Akui Kesulitan di GP Inggris, Marc Marquez Tak Ingin Panik dalam Perburuan Gelar
- 10 Agt 2026 15:30 WIB
- Pusat Pemberitaan
Poin Utama
- Marc Marquez finis ketujuh pada MotoGP Inggris di Sirkuit Silverstone setelah sempat berada di posisi ketiga pada awal balapan.
- Marquez menilai masalah utama berasal dari dirinya, bukan ban atau performa motor.
- Hasil tersebut membuat Marquez turun ke posisi keempat klasemen, tetapi ia menolak panik dalam persaingan gelar.

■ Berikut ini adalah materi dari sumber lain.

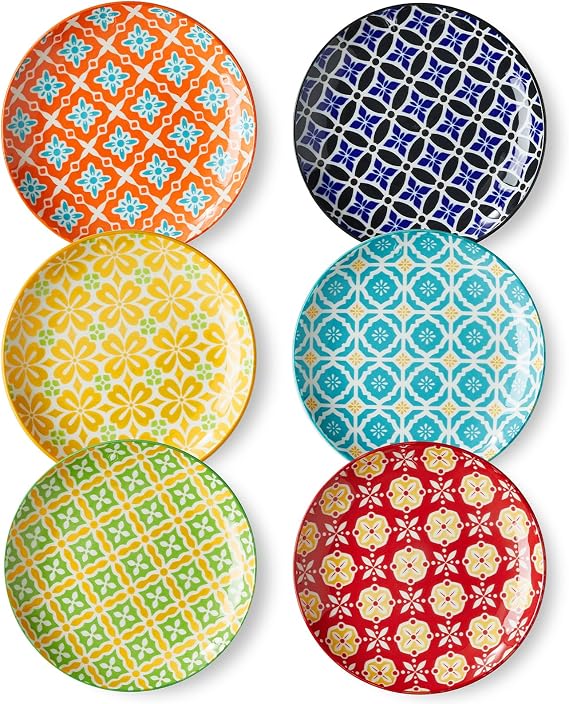 Metahom 6 Inch Ceramic Dessert Plates, Colorful Appetizer Plates Set of 6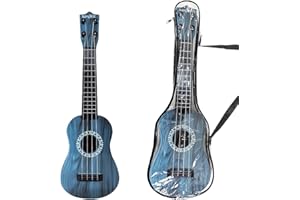 ENJOYAA Instrumento de guitarra infantil de 42 cm, con funda de guitarra gratuita, púa y cuerdas de repuesto, mini guitarra para niños y niñas de 3 a 6 años (azul)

RRI.CO.ID, Jakarta – Marc Marquez mengakui dirinya menjadi penyebab hasil buruk pada MotoGP Inggris di Sirkuit Silverstone, Minggu, 9 Agustus 2026. Pembalap Ducati itu hanya finis ketujuh setelah sempat menempati posisi ketiga pada lap pembuka.
Marquez kesulitan mempertahankan kecepatan sepanjang balapan. Performa motor Ducati yang dikendarainya juga kalah dari Aprilia dan pembalap lainnya seperti Alex Marquez dan Fabio Di Giannantonio.
Masalah ban belakang menjadi penyebab utama kesulitan yang dialami Marquez pada balapan Sprint sehari sebelumnya. Namun, pembalap asal Spanyol itu memastikan kendala tersebut tidak kembali terjadi dalam balapan utama.
Menurutnya, motor Desmosedici dan ban bekerja sesuai harapan. Marquez bahkan menilai performa ban tetap terjaga hingga lap-lap terakhir.
Ketika ditanya penyebab dirinya gagal finis lebih tinggi, Marquez memberikan jawaban singkat. “Saya sendiri,” ujar pembalap berusia 33 tahun tersebut, dikutip dari motorsport.com.
Juara dunia bertahan itu menilai posisi ketujuh sebenarnya sudah sesuai perkiraan sebelum balapan berlangsung. “Target optimistis kami adalah lima besar, tetapi kami tidak mampu menjalankannya sebaik mungkin,” katanya.
Ia sebelumnya menyebut gaya balapnya kurang cocok dengan karakter lintasan Silverstone. Kondisi cedera bahu juga membuatnya sulit menutupi kelemahan tersebut seperti yang pernah dilakukan sebelumnya.
Marquez mengakui dirinya kini lebih kesulitan menjaga performa dalam balapan. “Sekarang saya bisa tampil baik saat time attack, tetapi daya tahan masih perlu ditingkatkan,” ujarnya.
Hasil ini membuat Marquez turun ke posisi keempat klasemen dengan selisih 40 poin dari pemuncak klasemen, Jorge Martin. Ia sebelumnya naik ke posisi ketiga setelah meraih tiga kemenangan dalam empat balapan terakhir sebelum jeda musim panas.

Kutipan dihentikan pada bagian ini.